この2点について説明をお願いしたいと思います。
○阿部部会長 では、事務局からお願いできますか。
○長良雇用保険課長 まず、毎月勤労統計調査をめぐる今回の件に関しておわびを申し上げたいと思います。
 経緯といたしましては、昨年の11月に統計情報部のほうからプレスをさせていただいているところでございますが、いわゆる500人以上規模の事業所については、全数調査をするということとしておりましたが、昨年1月分の調査から神奈川、愛知、大阪府の500人以上の規模の事業所を全数から抽出に切り替える方法で事務的な準備は進められていたということでございます。
 ただ、昨年のいわゆる毎勤のもろもろの事案の中で、統計委員会からの御指摘によってこの抽出調査の形がいわゆる承認統計の手続との関係で問題視されたということがございまして、この事案についても3府県の抽出調査を計画していたところを撤回したということでございまして、撤回して全数調査で行うことにはしたということでございます。
 その際の事務処理の誤りによりまして、実際には79事業所と聞いておりますけれども、一部の事業所が全国調査の集計に含まれないこととなったということで承知をしているところでございます。

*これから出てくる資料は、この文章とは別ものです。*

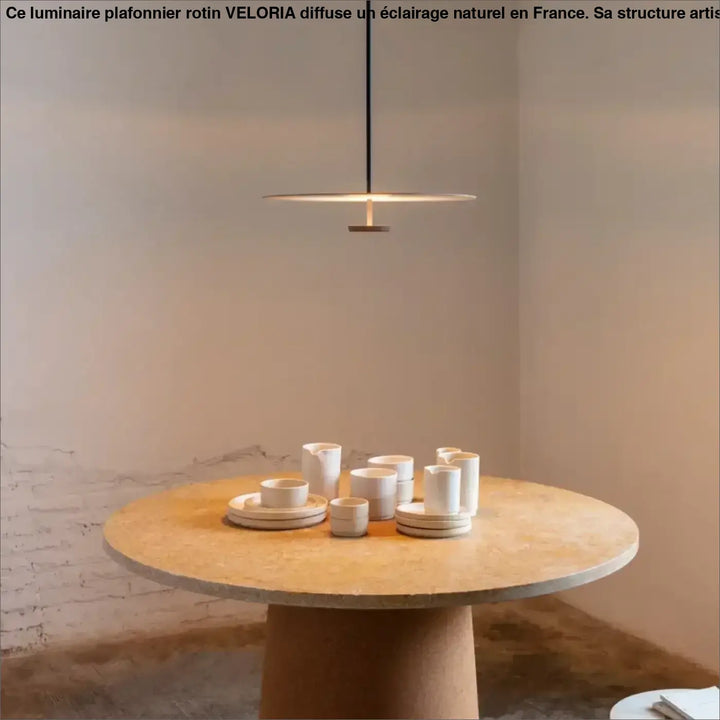 Suspension led minimaliste design disque moderne noir pureté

そういった事案が重なったことについてはおわびを申し上げたいと思っております。
 チェック体制などにつきましては、今回の事案も受けて、また再発防止などに取り組んでいるということで、具体的にはいわゆる第三者的な専門家のチェックを受けるということも統計の担当からは聞いているところでございまして、引き続き再発防止に努めてまいりたいと思っているところでございます。
○阿部部会長 よろしいですか。
○仁平委員 様々な政策の信頼性に関わる話だと思いますので、改めて再発防止を徹底していただきたいと思います。
○阿部部会長 ほかにいかがですか。よろしいですか。
 私が先ほど御紹介するのを忘れておりましたが、資料3-1をもう一度御覧いただいて、1枚おめくりいただきますと、本件は諮問案件でございますので、先ほどありましたとおり、上限額及び支給限度額を見直すということで諮問がなされておりますが、これにつきまして当部会では妥当とお認めしたいと思いますが、よろしいでしょうか。
(首肯する委員あり)
○阿部部会長 ありがとうございます。
 それでは、報告文案の配付をお願いします。
(報告文案配付)
○阿部部会長 ただいま配付いただきました、またオンラインでは御覧いただいておりますが、報告文案に基づきまして労働政策審議会職業安定分科会長宛に御報告したいと思いますが、よろしいでしょうか。
(首肯する委員あり)
○阿部部会長 ありがとうございます。
 それでは、そのような形で報告をさせていただきたいと思います。ありがとうございました。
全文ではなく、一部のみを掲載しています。